One time, when I came to the settlement of Ekron, they told me that the appointee in charge of separating tithes had already done so. I went to see him to find out the procedure he had used. He told me, “This time, I went beyond the letter of the law and gave ma’aser / a tithe even on the [Ottoman] government’s share.” I told him that in my opinion he had ruined everything because the government’s share is exempt from ma’aser. [Giving more ma’aser on produce than required is against halachah and makes all of the produce prohibited to eat.] I told him that I did not know how to fix what he had done without consulting with other rabbis.

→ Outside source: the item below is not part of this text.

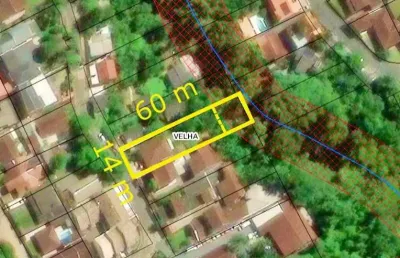 Terreno 865m2 - velha - transversal rua dos caçadores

I traveled to the rabbi of Yafo [probably a reference to R’ Avraham Yitzchak Hakohen Kook z”l] and I related the questions to him, for I could find no way out of this thicket. It was not possible to annul the declaration of ma’aser [the way a rabbi annuls a vow] because some of the produce had already been eaten. And, to take other un-tithed produce and separate ma’aser from it on behalf of the first produce was not possible, for that settlement had no un-tithed produce. We toiled over this until a solution occurred to me.

I remembered a ruling of R’ Shmuel Salant [z”l (1816-1909; Rabbi of Yerushalayim)] involving an incident that happened to me: I had separated terumah and ma’aser in the Old City [in a way that was halachically invalid and caused a financial loss]. I asked R’ Salant what to do and he answered, “You were appointed as an agent only for constructive purposes, not to ruin things. If you did not separate tithes properly, you exceeded your authority as an agent, thus annulling retroactively your appointment as a mashgiach. Therefore, you can now start over.” [By the same logic, the individual who separated tithes on behalf of the village of Ekron, but did so in an invalid way, exceeded his authority as an agent and his act was a legal nullity. R’ Yadler then goes on to discuss how they accomplished the tithing of the produce that had already been eaten.]